Film score by Mark Korven
- Released: June 24, 2022
- Recorded: 2021–2022
- Genre: Film score
- Length: 49:34
- Label: Back Lot Music
- Producer: Mark Korven

Mark Korven chronology
| Resident Evil: Welcome to Raccoon City (2021) | The Black Phone (Original Motion Picture Soundtrack) (2022) | Night Swim (2024) |

= The Black Phone (soundtrack) =

The Black Phone (Original Motion Picture Soundtrack) is the soundtrack to the 2021 film The Black Phone, directed by Scott Derrickson. The film's musical score is composed by Mark Korven and released through Back Lot Music on June 24, 2022. It is a culmination of modern and vintage sounds utilized with synthesizers and string instruments, which are primarily focused on the film's antagonist, The Grabber, whose soundscape accompanied creepy horror music. The score was positively received by critics.

== Development ==
The Black Phone came to composer Mark Korven's attention once his agent and Blumhouse had correspondence. He met Derrickson in a Zoom session with the latter liking his attitude and musical style and asked him to be onboard. He wanted to make it really creepy but also should sound contemporary and different steering away from the film's pastiche musical approach, as well as incorporating vintage musical styles from the 1980s, calling for a score drawing on modern and vintage synthesizer sound. As the film was under post-production, Korven developed general sketches being sent to Scott and his approval would depend on proceeding with the score or not.
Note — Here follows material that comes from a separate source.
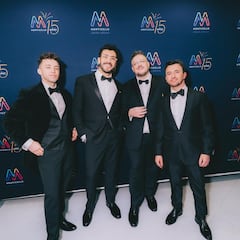 “En ocho años aprendí un montón; me gustaría que la gente viera en el Festival de Viña el comediante que soy ahora”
The period setting served as the subtext, which Korven did not want to reflect with that but to play to the characters. He used "friction mallets" which were like Super Balls being rubbed with specific objects, to create creepy "friction sounds" for The Grabber, and used numerous strings which were unconventionally played. He also used the apprehension engine for developing the specific friction sounds. The other characters were of minor focus, except for Gwen's character which had "lighter, more feminine sounds".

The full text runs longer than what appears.